Hoffman House v. Foote

Decision Date11 November 1902
Citation65 N.E. 169,172 N.Y. 348
PartiesHOFFMAN HOUSE v. FOOTE.
CourtNew York Court of Appeals Court of Appeals
OPINION TEXT STARTS HERE

Appeal from supreme court, appellate division, First department.

Action by the Hoffman House against Elizur V. Foote, executor of Edward S. Stokes. From a judgment of the appellate division (63 N. Y. Supp. 784) affirming a judgment for defendant rendered on a dismissal of the complaint, plaintiff appeals. Reversed.

Parker, C. J., and Cullen and Werner, JJ., dissenting.

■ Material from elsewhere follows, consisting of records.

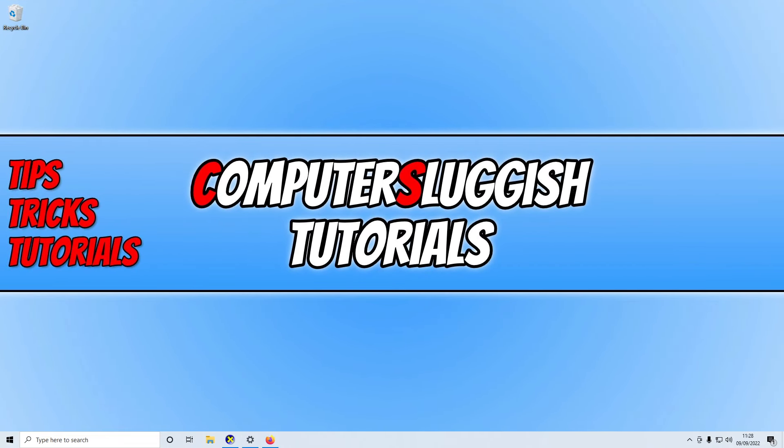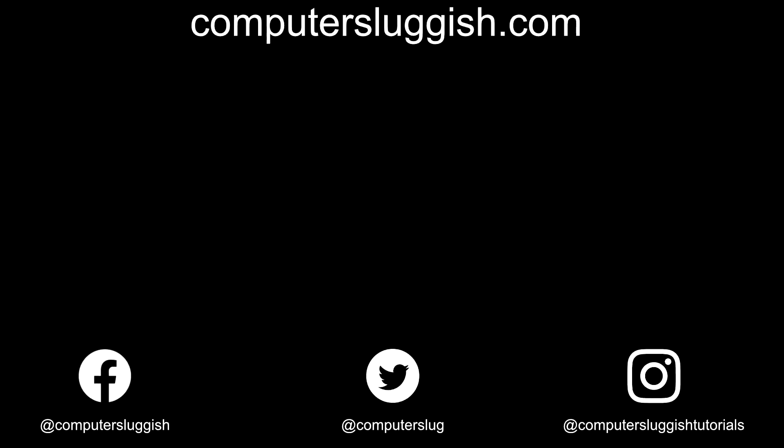I hope this video helped you out and you enjoyed it. If you did like the video, click the like button below. And if you would like to see more Computer Sluggish videos, then click that subscribe button. If you do subscribe, then I will see you in the next video.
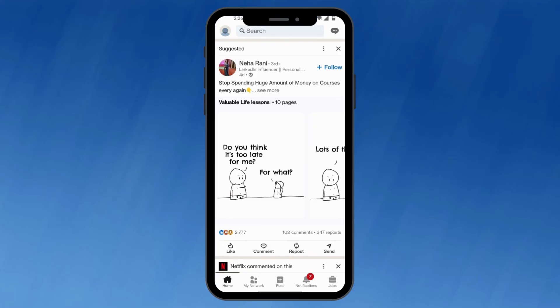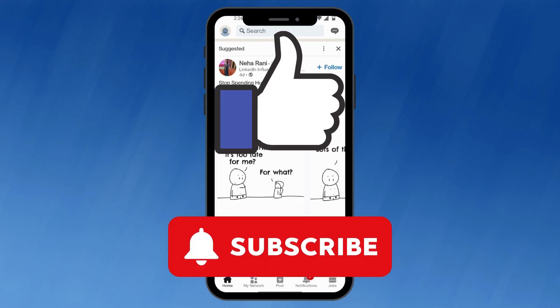There you have it — now you know how to grant camera access for the LinkedIn app on Android. Remember, you can always revisit the settings to adjust permissions if needed. If you have any questions about using the camera features within LinkedIn, leave a comment below. Don't forget to like and subscribe for more tech tutorials.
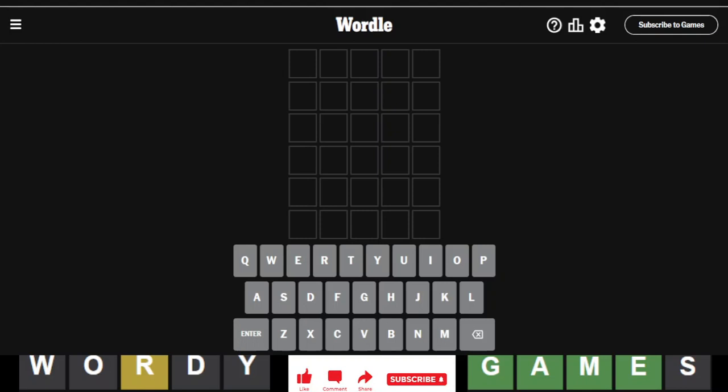Hello everyone, it is November 16th, 2023, and we are back with our daily Wordle. It is Wordle number 880.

David McClure, for appellant.

Charles E. Hughes, for respondent.

O'BRIEN, J.

The plaintiff's complaint was dismissed at the trial, and this appeal is from the affirmance of that judgment. It seems to us that the judgment rests upon grounds so narrow and technical that the appeal should be sustained, and the parties remitted to a trial of the case in the regular and ordinary way. The issues in the case, if any, were triable by jury; but, after the plaintiff's counsel had opened the case to the jury, the learned trial judge granted a motion made by the defense for the dismissal of the complaint, and so the complaint was dismissed from what appears upon the face of the pleadings, or was stated by counsel in opening the case to the jury. The record contains the pleadings, the opening address of plaintiff's counsel, the motion to dismiss, with much argument thereon by counsel on both sides, and concludes with the statement that the complaint was dismissed at the close of the opening, to which decision the plaintiff's counsel excepted. In substance, this exception raises the question whether the court could properly nonsuit the plaintiff upon the pleadings and opening, without further investigation of the facts bearing upon the merits of the controversy. When a defendant demands and procures such a ruling at the trial, he must be prepared to defend it in this court upon the assumption that every material fact in issue is to be resolved or found in favor of the plaintiff.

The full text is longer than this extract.